Саксум зачастил на дарнисский рынок и спустя несколько дней договорился с одним из местных купцов, собиравшим караван на Александрию. Купец, узнав, что имеет дело с легионером, пусть даже и отставным, с радостью согласился взять Саксума с собой: дорога на Александрию шла через Марма́рику - пожалуй, самую небезопасную часть африканского побережья. Таковой она считалась из-за частых набегов кочевников-адирмахи́дов, без разбору нападавших как на купеческие караваны, так и на суда, имевшие неосторожность пристать на ночёвку к пустынному мармариканскому берегу. Про диких адирмахидов в Дарнисе ходила масса самых зловещих слухов, начиная с того, что они якобы пьют кровь своих жертв, и заканчивая тем, что природная злоба их столь сильна, что они, поймав на себе вошь, не выбрасывают её и даже не давят, а грызут зубами в отместку за её укусы.
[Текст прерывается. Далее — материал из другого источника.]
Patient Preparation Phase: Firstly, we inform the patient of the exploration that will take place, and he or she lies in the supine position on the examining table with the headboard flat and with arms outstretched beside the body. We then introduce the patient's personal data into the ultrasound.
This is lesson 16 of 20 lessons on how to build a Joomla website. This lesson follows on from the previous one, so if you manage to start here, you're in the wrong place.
Сорок шесть дней пути от Дарниса до Александрии слились для Саксума в один бесконечный изнуряющий день. Нападение адирмахидов сразу же за Антипи́ргусом, короткий, но яростный бой и четыре могилы спутников, оставленные в тихой лавровой роще на обращённом к морю пологом склоне либийского нагорья; вожделенный колодец, необъяснимо заваленный и отравленный гниющими трупами газелей; страшная "чёрная буря", внезапно налетевшая из пустыни и отнявшая у каравана трёх верблюдов и одного погонщика, бесследно сгинувших в песках, - вот нерадостные вехи этого долгого пути. А ещё пыль. Проникающая повсюду, осточертевшая, постоянно скрипящая на зубах пыль. Саксум, отвыкший за пять последних лет службы от длительных походов, чувствовал себя к концу маршрута совершенно измотанным и с огромным удивлением наблюдал за Хавивой, которая, невзирая на свою беременность и перенесённую болезнь, оставалась весёлой и жизнерадостной и, казалось, вовсе не замечала тягот и лишений дальней дороги.
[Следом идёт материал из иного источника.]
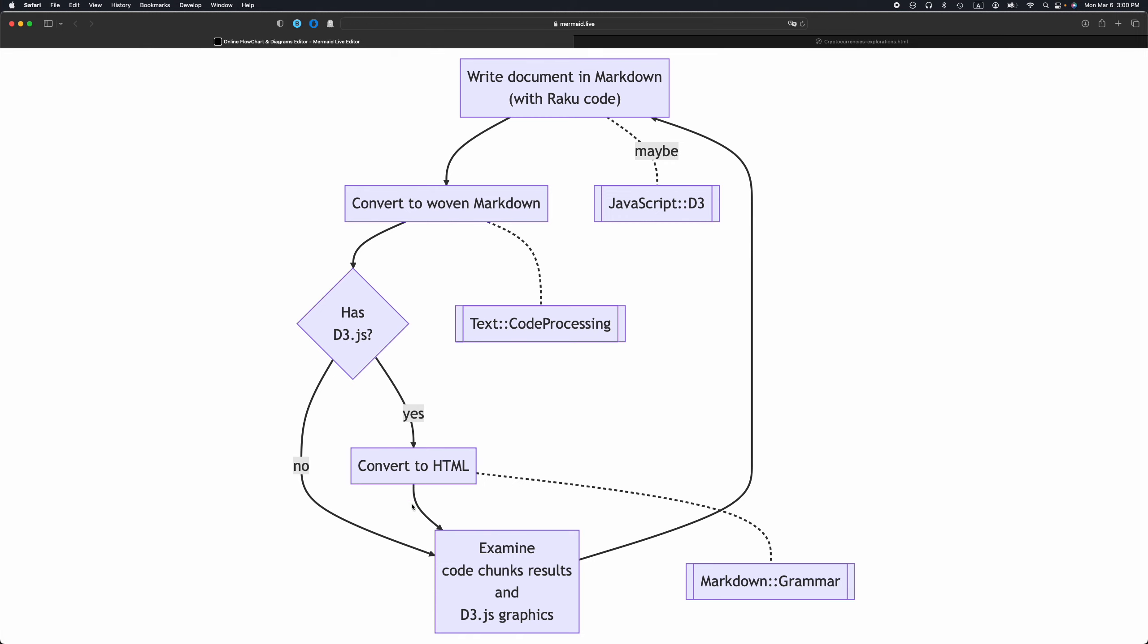We're going through this loop repeatedly until we get satisfied with the result of whatever computational document we are developing. All right. Thank you.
Новый год застал путников в маленьком посёлке Лока́ссис, в трёх переходах от Александрии. Здесь Саксум и Хавива расстались с караванщиками, ставшими им за полтора месяца пути чуть ли не родными. Купцы решили сделать в Локассисе длительный привал, чтобы просушить тюки с овечьей шерстью, намокшие от сильного дождя, под который караван попал накануне. А Саксум торопился в Александрию, где было не так голодно и где можно было найти более-менее приличное жильё для того, чтобы прожить в нём остаток зимы. Кто его знает - может, и рожать Хавиве ещё здесь придётся? Срок-то - как раз где-то в марте.
Однако в Александрии им повезло: в первый же день, придя в еврейскую общину, они узнали от местного раби́на, что на днях из египетской столицы на Сидо́н уходит корабль.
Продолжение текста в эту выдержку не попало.